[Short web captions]
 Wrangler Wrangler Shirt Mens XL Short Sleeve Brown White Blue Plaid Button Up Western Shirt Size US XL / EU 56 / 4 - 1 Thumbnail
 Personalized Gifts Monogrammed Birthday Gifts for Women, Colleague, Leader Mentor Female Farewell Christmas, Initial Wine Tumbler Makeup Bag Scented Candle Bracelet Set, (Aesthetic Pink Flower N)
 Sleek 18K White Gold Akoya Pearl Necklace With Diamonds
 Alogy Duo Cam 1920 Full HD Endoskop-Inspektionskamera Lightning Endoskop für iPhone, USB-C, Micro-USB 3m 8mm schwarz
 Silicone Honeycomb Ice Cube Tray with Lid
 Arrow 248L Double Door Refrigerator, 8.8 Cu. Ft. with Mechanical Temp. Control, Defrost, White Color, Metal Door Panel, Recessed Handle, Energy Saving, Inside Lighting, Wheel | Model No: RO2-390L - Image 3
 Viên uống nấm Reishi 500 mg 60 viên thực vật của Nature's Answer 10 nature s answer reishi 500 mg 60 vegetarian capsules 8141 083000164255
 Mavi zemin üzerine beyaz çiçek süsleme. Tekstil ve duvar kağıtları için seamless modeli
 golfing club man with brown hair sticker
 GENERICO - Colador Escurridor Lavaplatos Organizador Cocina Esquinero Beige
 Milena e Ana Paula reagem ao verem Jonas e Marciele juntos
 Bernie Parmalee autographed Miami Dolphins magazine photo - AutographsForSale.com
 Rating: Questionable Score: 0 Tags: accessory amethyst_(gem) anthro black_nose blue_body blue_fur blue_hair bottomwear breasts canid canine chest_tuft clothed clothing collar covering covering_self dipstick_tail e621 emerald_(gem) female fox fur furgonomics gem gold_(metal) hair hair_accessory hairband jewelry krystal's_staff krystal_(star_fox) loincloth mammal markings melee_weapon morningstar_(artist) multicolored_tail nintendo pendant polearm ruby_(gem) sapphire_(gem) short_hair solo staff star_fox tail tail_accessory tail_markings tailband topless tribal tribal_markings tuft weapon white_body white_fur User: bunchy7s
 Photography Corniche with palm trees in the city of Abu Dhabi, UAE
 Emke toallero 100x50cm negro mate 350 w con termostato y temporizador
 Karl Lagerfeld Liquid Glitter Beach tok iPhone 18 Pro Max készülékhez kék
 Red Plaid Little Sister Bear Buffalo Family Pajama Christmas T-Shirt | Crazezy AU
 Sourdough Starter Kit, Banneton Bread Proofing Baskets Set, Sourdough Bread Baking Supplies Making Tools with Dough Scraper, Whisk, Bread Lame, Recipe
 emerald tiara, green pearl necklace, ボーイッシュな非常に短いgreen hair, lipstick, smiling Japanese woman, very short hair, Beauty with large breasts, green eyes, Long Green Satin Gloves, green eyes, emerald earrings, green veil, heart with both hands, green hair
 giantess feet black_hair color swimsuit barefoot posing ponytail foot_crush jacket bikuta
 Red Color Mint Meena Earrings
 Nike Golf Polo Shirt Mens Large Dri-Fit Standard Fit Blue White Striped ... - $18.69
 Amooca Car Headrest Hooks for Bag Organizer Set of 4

● **ACTIVITY**: All that is wanted is an exact copy of the lines above from the one with "Milena e Ana" through the one with "Bernie Parmalee autographed", with both ends included.

● **WRITTEN ANSWER**:
 Milena e Ana Paula reagem ao verem Jonas e Marciele juntos
 Bernie Parmalee autographed Miami Dolphins magazine photo - AutographsForSale.com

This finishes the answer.